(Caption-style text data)
· · · · ·

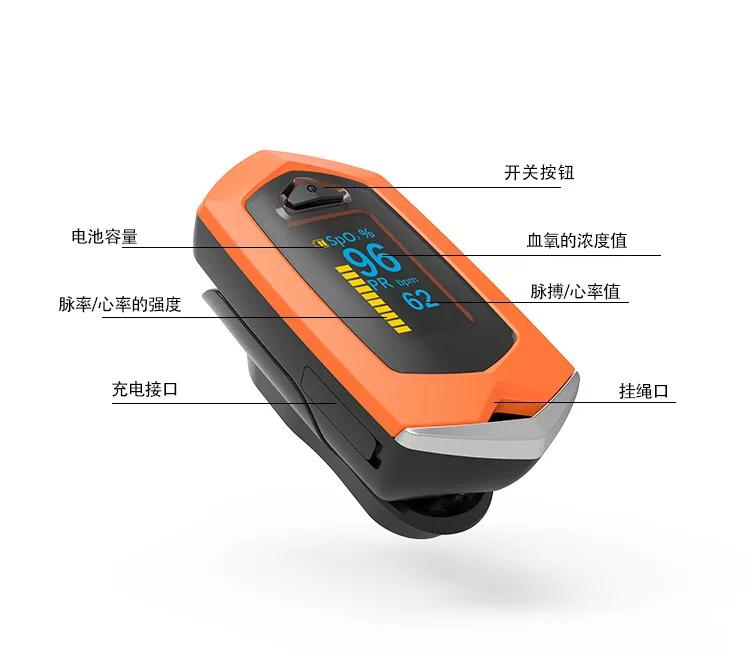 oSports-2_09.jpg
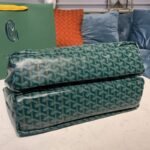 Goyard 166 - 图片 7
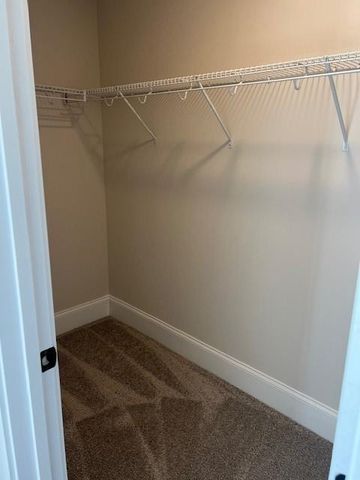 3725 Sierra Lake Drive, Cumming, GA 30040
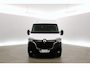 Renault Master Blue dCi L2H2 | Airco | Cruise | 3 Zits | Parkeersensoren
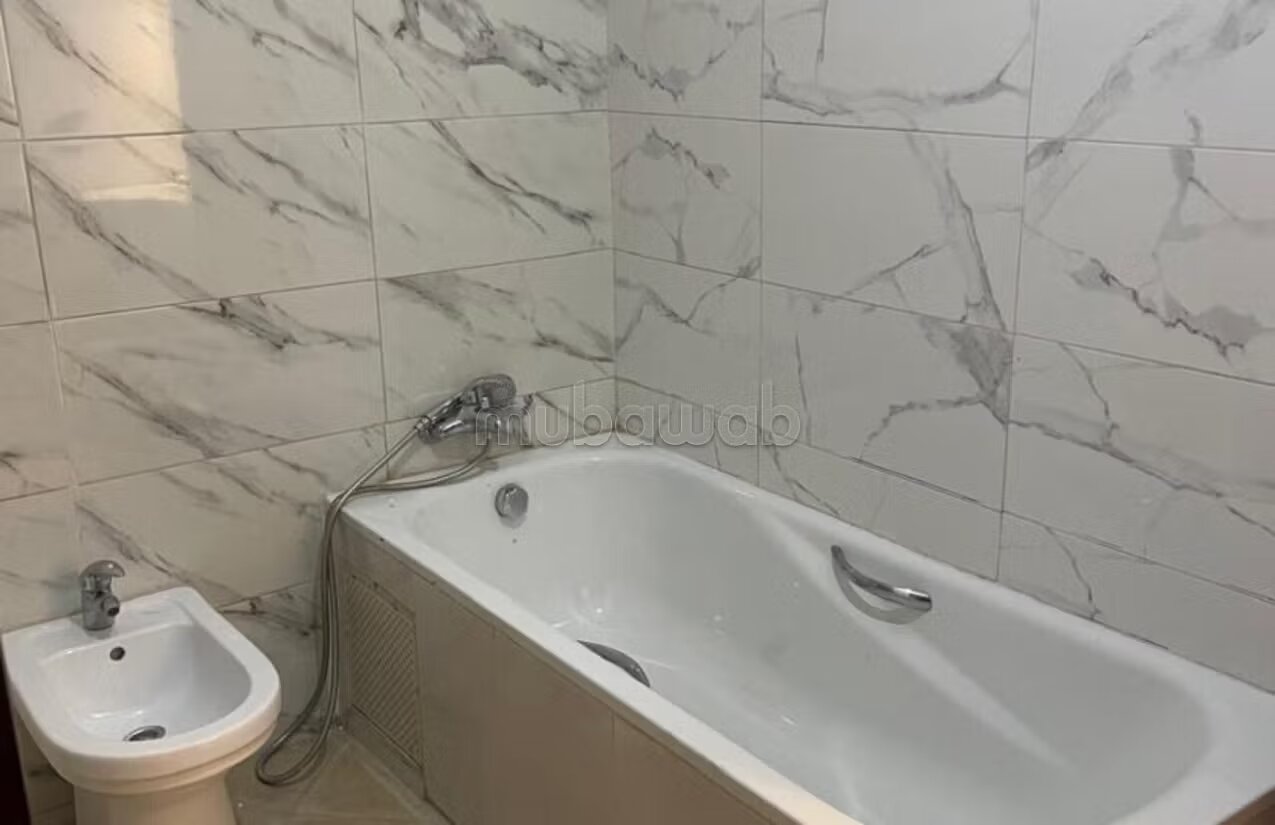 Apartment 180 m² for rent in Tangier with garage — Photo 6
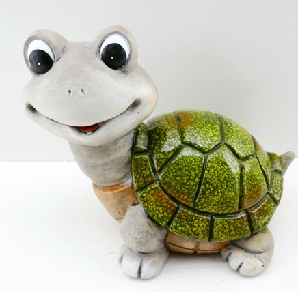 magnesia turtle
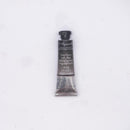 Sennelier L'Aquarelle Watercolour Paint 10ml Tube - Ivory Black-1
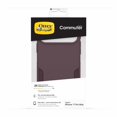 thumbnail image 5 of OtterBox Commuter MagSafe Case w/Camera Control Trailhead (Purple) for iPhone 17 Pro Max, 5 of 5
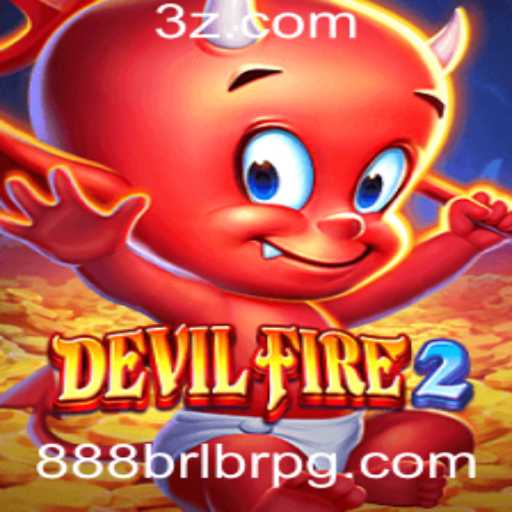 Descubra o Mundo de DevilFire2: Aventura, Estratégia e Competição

· · · · ·

What this task involves: Find the line that contains "Goyard 166 - 图片 7" and repeat it, along with every line after it to the end of the data, exactly; drop the pictures.

Task output:
 Goyard 166 - 图片 7
 3725 Sierra Lake Drive, Cumming, GA 30040
 Renault Master Blue dCi L2H2 | Airco | Cruise | 3 Zits | Parkeersensoren
 Apartment 180 m² for rent in Tangier with garage — Photo 6
 magnesia turtle
 Sennelier L'Aquarelle Watercolour Paint 10ml Tube - Ivory Black-1
 thumbnail image 5 of OtterBox Commuter MagSafe Case w/Camera Control Trailhead (Purple) for iPhone 17 Pro Max, 5 of 5
 Descubra o Mundo de DevilFire2: Aventura, Estratégia e Competição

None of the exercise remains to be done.